6. Lodger’s obligations – This clause provides a list of dos and don’ts for the licensee, including a ban on keeping pets (clause 6.3). In clause 6.4.2 amend the times if you wish to regulate differently when loud music or musical instruments can be played by the lodger in his room. Clause 6.9 states the property has a policy of no smoking indoors – delete this clause if it does not apply. Clause 6.10 provides that the lodger shall not have overnight guests without specific permission from the owner – delete this clause if it does not apply. In clause 6.11 fill in the percentage interest that would be charged on late payments, e.g. 4% to 8% over the base rate is normal. Clause 6.12 is only needed if the property is held under a lease by the owner – if not, then delete the clause. If there is such a lease, then:

(1) the owner should notify the lodger from the outset of any relevant covenants that the lodger ought to comply with; and

(2) the owner should check he is not banned from taking in lodgers under the terms of the lease.

7. Owner’s obligations – Clause 7.1 states that the owner will insure the room’s contents that are owned by the owner (i.e. those on the inventory). Clause 7.3 refers to the owner’s obligations to ensure the property and room are safe. If clause 7.4 (which requires the owner to stock the bathroom with soap and toilet paper for the lodger’s use) does not apply, please delete it.

8. Limitation of liability – This clause seeks to limit the owner’s liability as far as is permitted.

9. Termination – Under clause 9.1, the licence can be terminated by notice by either party: fill in the number of weeks notice you require. If this is not a licence for a fixed term, delete the last sentence of clause 9.1. Clause 9.2 allows the owner to terminate on one week’s notice if the lodger is in breach. The clause then deals with various issues that arise on termination, such as the lodger leaving the room in a decent condition and providing a forwarding address. Clause 9.5 states that the owner may dispose of any property of the lodger that is left when the licence terminates, but in reality, to avoid being liable for loss, the owner must firstly allow the lodger to collect them and if not collected he must sell them for a reasonable price and account to the lodger for the money made (retaining it in case the lodger gets in touch if the lodger has not left any contact details).

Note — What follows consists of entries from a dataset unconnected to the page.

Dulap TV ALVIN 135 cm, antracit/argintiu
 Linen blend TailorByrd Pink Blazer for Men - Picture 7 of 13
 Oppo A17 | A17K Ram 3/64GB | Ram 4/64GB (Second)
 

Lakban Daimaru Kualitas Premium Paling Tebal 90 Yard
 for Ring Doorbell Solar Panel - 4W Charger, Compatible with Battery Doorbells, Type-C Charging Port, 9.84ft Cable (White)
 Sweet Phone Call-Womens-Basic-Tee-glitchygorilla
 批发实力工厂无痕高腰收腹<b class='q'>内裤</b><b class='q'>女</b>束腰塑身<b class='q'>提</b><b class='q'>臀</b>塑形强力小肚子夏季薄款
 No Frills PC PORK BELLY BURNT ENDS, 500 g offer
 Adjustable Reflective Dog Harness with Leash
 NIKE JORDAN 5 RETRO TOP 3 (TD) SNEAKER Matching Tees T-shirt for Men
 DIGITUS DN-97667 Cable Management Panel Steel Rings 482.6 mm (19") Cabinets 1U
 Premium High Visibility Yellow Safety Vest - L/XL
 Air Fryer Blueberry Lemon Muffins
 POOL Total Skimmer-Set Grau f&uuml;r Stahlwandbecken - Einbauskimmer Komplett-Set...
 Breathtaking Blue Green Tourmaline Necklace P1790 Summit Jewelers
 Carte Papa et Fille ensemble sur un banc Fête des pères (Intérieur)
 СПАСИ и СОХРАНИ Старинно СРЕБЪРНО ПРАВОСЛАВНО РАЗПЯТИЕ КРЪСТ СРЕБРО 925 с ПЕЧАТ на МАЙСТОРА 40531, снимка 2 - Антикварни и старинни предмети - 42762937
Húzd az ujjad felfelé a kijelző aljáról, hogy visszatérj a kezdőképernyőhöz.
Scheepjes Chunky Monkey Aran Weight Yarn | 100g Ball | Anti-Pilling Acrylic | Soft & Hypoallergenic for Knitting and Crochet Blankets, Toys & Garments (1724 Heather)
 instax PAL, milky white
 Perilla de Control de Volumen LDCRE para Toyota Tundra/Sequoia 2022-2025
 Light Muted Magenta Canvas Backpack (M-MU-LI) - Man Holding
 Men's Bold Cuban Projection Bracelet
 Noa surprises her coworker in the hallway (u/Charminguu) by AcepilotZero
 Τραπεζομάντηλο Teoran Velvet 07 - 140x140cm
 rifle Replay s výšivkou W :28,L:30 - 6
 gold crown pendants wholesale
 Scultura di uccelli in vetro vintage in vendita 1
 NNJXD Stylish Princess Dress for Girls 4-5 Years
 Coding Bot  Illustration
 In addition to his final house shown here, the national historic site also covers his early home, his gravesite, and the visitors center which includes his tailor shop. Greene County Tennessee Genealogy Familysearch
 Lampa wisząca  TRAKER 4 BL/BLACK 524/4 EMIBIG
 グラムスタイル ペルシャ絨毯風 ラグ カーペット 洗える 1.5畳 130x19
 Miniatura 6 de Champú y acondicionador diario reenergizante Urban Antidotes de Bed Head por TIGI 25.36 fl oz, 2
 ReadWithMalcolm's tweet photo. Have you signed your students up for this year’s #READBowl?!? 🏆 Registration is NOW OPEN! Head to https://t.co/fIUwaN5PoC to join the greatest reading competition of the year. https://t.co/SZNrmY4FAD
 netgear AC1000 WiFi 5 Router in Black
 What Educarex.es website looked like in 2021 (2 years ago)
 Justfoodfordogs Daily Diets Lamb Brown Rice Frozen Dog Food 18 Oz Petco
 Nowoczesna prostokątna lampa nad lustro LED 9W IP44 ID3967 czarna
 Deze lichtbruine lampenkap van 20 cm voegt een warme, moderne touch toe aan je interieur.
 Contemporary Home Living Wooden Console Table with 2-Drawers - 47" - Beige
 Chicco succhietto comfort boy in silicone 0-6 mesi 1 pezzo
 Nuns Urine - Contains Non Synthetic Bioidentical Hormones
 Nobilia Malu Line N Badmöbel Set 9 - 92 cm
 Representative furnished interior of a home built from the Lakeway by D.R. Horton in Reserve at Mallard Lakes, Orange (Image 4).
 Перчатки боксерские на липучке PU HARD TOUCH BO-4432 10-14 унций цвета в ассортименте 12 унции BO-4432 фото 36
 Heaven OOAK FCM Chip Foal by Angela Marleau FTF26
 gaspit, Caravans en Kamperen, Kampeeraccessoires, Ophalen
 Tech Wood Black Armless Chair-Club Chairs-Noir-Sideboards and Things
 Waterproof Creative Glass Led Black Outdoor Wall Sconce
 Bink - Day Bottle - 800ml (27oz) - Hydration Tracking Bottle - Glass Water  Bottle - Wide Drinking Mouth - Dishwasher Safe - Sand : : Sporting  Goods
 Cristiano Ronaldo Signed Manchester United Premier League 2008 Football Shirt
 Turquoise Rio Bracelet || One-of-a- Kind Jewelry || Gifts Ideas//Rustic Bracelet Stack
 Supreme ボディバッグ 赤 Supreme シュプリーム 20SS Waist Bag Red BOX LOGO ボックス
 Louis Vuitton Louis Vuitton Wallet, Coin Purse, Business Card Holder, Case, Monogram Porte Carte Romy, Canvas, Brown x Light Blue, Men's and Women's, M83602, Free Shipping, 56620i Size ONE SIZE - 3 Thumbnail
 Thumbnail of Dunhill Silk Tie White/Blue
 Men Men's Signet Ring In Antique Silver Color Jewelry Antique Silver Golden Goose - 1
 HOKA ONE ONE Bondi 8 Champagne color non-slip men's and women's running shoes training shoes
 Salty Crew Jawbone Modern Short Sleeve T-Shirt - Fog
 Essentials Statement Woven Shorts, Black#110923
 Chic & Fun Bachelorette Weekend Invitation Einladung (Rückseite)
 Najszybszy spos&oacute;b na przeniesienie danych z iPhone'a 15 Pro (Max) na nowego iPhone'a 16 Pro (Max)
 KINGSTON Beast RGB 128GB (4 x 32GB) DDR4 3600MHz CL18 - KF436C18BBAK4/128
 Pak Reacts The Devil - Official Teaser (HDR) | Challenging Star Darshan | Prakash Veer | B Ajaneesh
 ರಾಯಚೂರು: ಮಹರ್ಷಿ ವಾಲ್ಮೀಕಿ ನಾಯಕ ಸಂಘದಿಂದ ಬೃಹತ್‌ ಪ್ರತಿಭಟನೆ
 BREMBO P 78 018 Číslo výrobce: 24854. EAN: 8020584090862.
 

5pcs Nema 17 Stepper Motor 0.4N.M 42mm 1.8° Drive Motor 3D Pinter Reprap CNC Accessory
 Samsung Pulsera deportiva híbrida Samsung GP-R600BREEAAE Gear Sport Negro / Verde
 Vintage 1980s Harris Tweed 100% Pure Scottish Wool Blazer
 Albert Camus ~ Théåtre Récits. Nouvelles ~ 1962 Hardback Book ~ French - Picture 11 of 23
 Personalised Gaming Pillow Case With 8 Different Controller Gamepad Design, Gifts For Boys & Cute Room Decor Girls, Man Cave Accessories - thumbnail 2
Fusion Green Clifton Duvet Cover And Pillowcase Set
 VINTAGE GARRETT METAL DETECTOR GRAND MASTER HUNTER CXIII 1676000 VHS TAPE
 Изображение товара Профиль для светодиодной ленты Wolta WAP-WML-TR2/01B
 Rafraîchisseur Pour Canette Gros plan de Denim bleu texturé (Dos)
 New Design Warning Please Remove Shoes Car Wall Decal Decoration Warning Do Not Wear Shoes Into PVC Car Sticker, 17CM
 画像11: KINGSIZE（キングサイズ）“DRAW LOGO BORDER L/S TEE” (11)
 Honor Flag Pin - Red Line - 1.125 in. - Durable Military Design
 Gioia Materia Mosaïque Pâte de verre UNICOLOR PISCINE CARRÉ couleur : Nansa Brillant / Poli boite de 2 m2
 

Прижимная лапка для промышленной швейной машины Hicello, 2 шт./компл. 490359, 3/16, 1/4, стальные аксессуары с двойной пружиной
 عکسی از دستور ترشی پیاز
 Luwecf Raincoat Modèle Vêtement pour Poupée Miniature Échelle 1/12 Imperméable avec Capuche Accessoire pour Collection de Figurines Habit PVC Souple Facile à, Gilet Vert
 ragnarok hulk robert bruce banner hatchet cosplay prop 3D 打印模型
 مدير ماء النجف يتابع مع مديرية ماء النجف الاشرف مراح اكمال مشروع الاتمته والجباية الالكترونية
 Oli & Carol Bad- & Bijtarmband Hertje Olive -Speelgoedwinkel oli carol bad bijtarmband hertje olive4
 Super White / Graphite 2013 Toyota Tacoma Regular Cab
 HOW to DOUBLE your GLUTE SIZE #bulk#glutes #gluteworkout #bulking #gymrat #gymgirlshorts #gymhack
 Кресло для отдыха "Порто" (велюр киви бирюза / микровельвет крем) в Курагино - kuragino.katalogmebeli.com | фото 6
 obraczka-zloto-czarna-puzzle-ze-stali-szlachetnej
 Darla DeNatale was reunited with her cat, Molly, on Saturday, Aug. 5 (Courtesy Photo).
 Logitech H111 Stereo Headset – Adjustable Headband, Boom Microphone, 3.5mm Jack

Clause 9.6 only applies if the agreement is on a fixed-term basis – if not, delete the whole clause.

10. Assignment and sub-letting – A licence is essentially a contract personal to the parties, so it is not transferable to anyone else by either party. There is also a ban on the lodger sub-letting the room to someone else.

11. VAT – If VAT applies, then this clause allows you to add it to the licence fee, etc.